3.Learned counsel appearing for A-1 and A-2, Rakshaks, submitted that there is no material whatsoever that they along with another Rakshak Charu Bhushan Dass abetted the commission of the offence by the other accused. It is also submitted that Siliguri Loco Shed is very big one and the mere fact that these Rakshaks who were on allotted duty on that night came a little late after hearing the whistles, would not necessarily lead to a conclusion that they abetted the offence. PW 1 is the main witness in this case. He deposed that he saw six persons pushing the trolley and he blew the whistle and rounded them up but only three could be arrested. His evidence establishes that A-4 to A-6 were caught red-handed along with others who escaped and they were moving the trolley loaded with railway property namely two radiator cores. The reasoning of the learned Magistrate that the possession as such was not proved is incorrect.

When once they moved the property from a proper place that itself shows that they came into possession and were moving the same out of the shed. Therefore A-4 to A-6 have rightly been convicted.

4.PW 1 also stated that he whistled several times but A- 1 to A-3 came only after 15 to 20 minutes. In the cross- examination he stated that after 431 blowing the whistle, he rushed through gate No. 3 outside the shed which was about 70 to 80 yards away. PW 3, A.S.I., who joined PW 1 also deposed that three persons could be apprehended. Then he also stated that after arresting the accused he again blew the whistle and A-1 to A-3 came and the arrested accused were handed over. In the cross- examination he did not say that A-1 to A-3 came after 15 to 20 minutes. In any event the question is whether the dereliction of duty as such would amount to abetment. In the instant case, A-1 to A-3 tried to explain away by stating that they were patrolling a large area of the shed.

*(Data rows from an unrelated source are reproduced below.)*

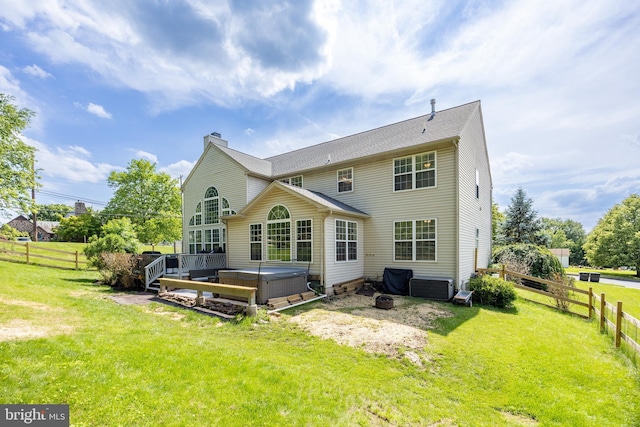 2200 Summerdale Ln, Linfield, PA 19468 - rear view of property with a hot tub, a chimney, and a deck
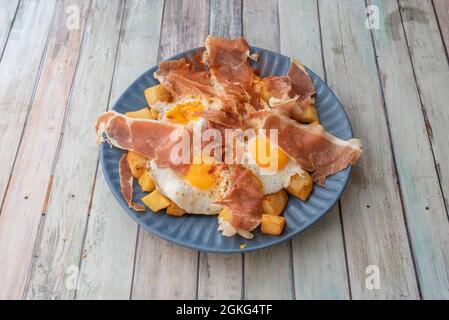 Assiette bleue pleine d'œufs frits au jambon de serrano, tranches de pommes de terre avec paprika sur une table en bois Banque D'Images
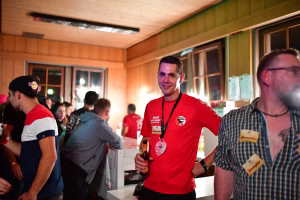 Mann im roten Vereinsshirt steht in einer Halle und hält eine Flasche; im Hintergrund Gespräche bei einer Veranstaltung.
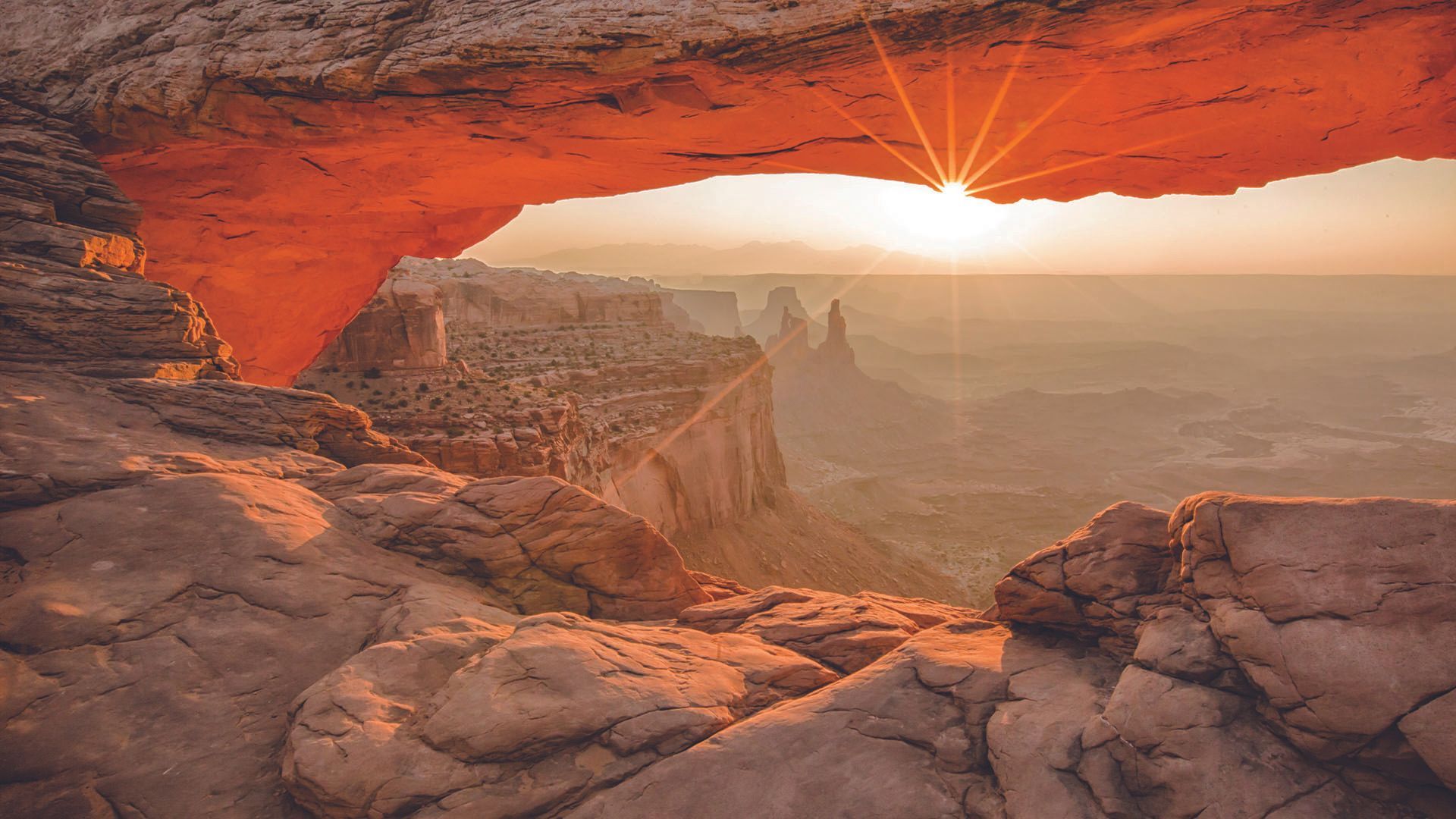 Sunrise through Mesa Arch, Canyonlands National Park, Utah, with orange rock formations.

But admittedly it was their duty which they have grossly derelicted and the same amounted to culpable negligence which resulted in the offence being committed by the other accused. But the same may not amount to abetment. In that view their conviction cannot be sustained. However, we are of the view that the gross dereliction of duty on the part of these accused, whose duty was to protect, is a serious act and they are accordingly admonished. We also make it clear that they do not deserve to hold such posts and the question of their being going back and joining the service does not arise. Subject to these directions Criminal Appeal No. 266 of 1982is partly allowed.

5.A-4 to A-6, appellants in Criminal Appeal No. 713 of 1983, were caughtred-handed. An offence under Section 3(a) of the Act is punishable with imprisonment or with fine or with both. In this case the possession of the property in the strict sense was not there. However, an offence under Section 3(a), as already held, is made out. The offence itself took place in the year 1972 and the appellants have undergone some imprisonment. Therefore while confirming their conviction, we reduce the sentence to the period already undergone. In addition, we sentence each of them to pay a fine of Rs 1000 in default of payment of which to undergo RI for three months. Accordingly Criminal Appeal No. 713 of 1983 is also partly allowed.